■ **Work instructions**: Below are the records; give again exactly the lines from the one containing "Chrome wall-mount faucet" through the one containing "دستگاه جوش لوله", leaving out pictures.

━━━ Entries supplied

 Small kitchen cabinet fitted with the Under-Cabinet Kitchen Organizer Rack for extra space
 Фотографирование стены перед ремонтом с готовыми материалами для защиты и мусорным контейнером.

━━━━━━
━━━ Entries supplied

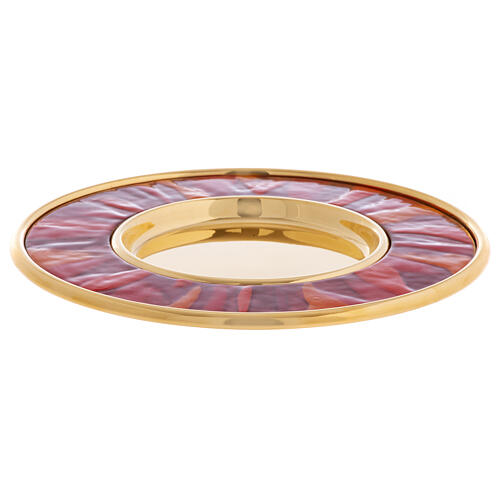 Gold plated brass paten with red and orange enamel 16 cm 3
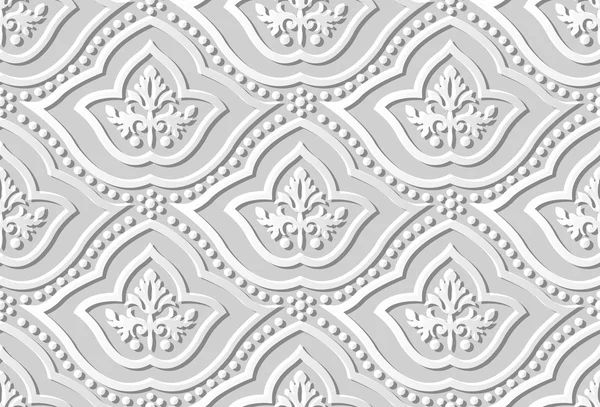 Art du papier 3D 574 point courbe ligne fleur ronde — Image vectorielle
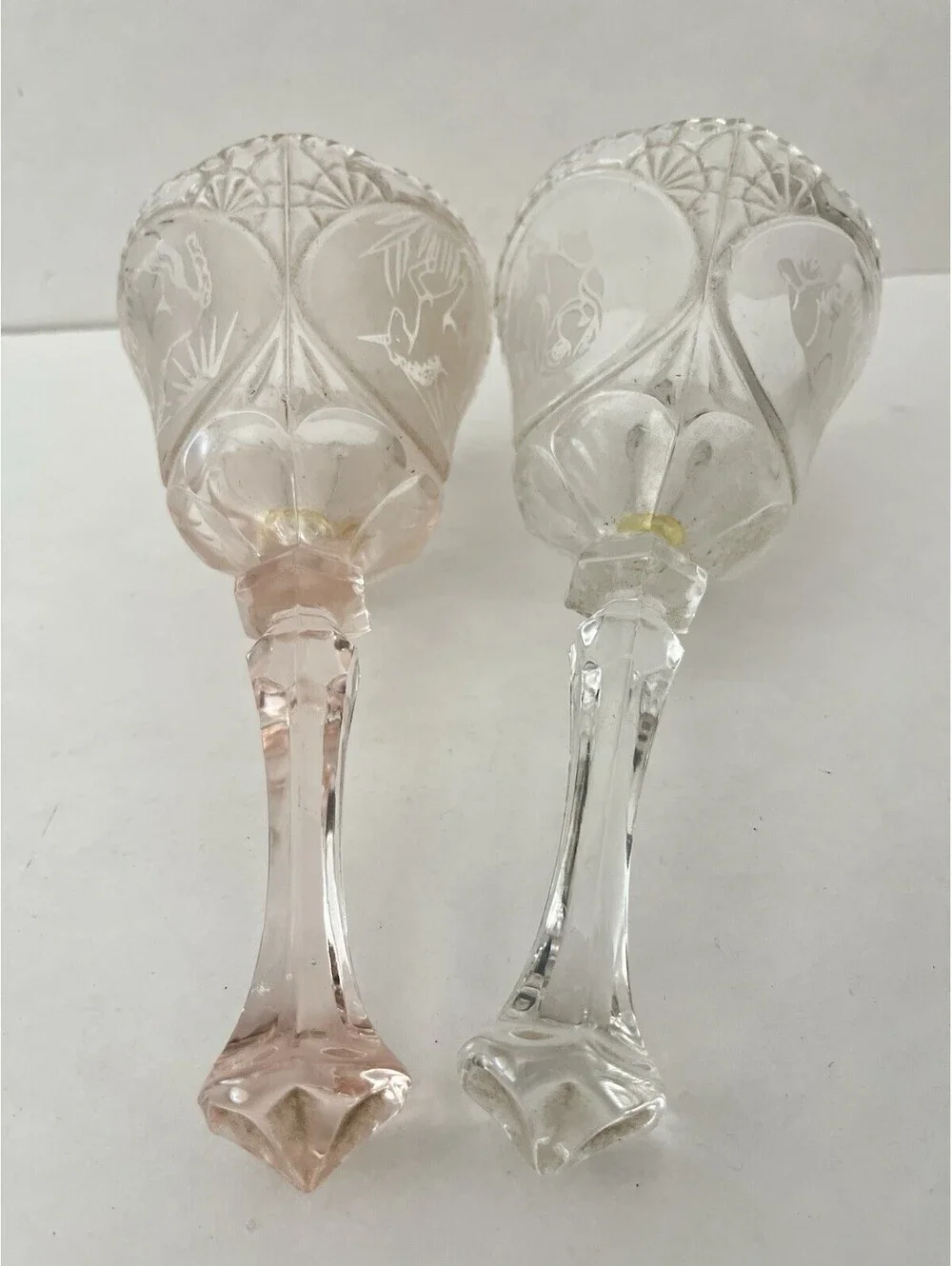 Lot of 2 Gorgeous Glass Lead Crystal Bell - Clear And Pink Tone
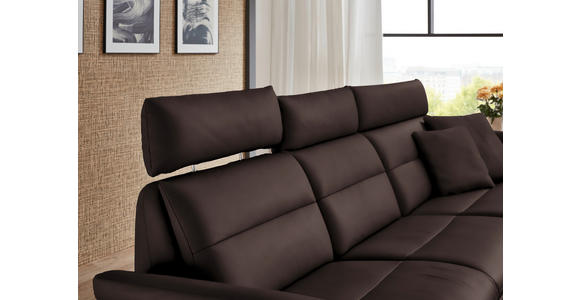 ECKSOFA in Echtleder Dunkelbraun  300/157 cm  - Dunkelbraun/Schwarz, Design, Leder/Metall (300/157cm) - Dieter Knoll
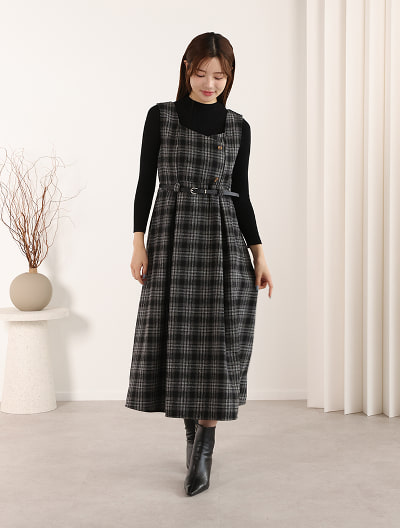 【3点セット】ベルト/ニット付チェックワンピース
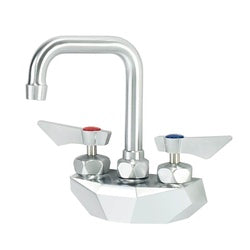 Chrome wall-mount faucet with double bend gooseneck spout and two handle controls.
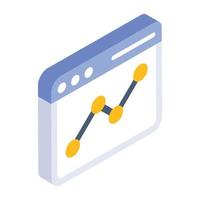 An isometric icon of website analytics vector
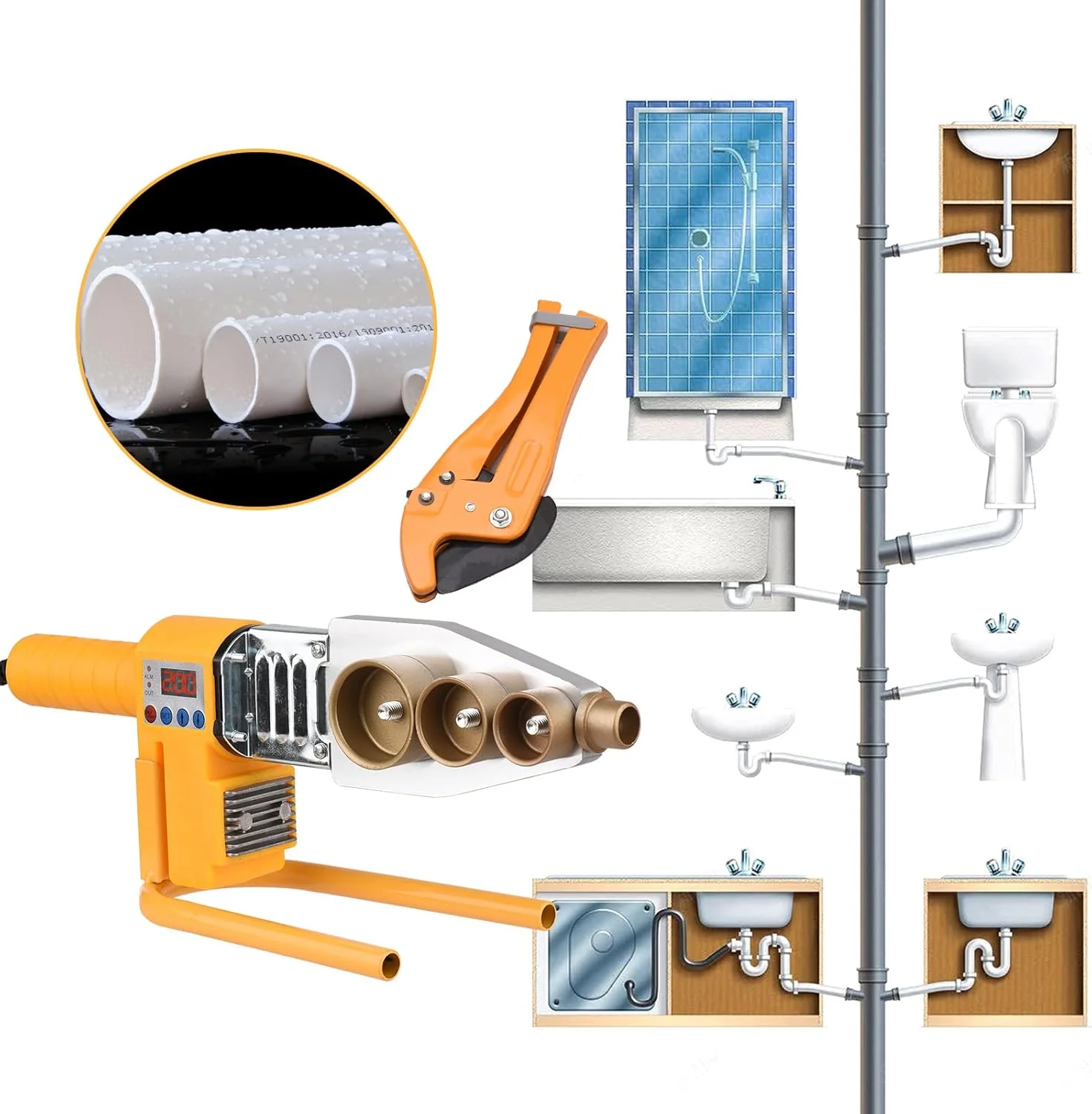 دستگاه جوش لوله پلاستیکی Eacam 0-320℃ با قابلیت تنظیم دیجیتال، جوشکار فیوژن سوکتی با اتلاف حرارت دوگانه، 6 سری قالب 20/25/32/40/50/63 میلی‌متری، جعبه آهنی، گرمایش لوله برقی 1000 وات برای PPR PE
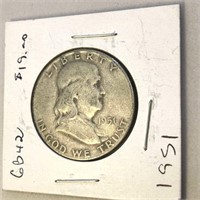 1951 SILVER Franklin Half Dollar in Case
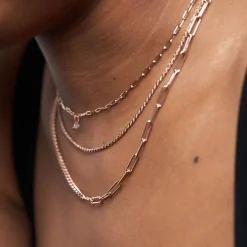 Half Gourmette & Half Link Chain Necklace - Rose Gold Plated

━━━━━━

■ **Response area**:
 Chrome wall-mount faucet with double bend gooseneck spout and two handle controls.
 An isometric icon of website analytics vector
 دستگاه جوش لوله پلاستیکی Eacam 0-320℃ با قابلیت تنظیم دیجیتال، جوشکار فیوژن سوکتی با اتلاف حرارت دوگانه، 6 سری قالب 20/25/32/40/50/63 میلی‌متری، جعبه آهنی، گرمایش لوله برقی 1000 وات برای PPR PE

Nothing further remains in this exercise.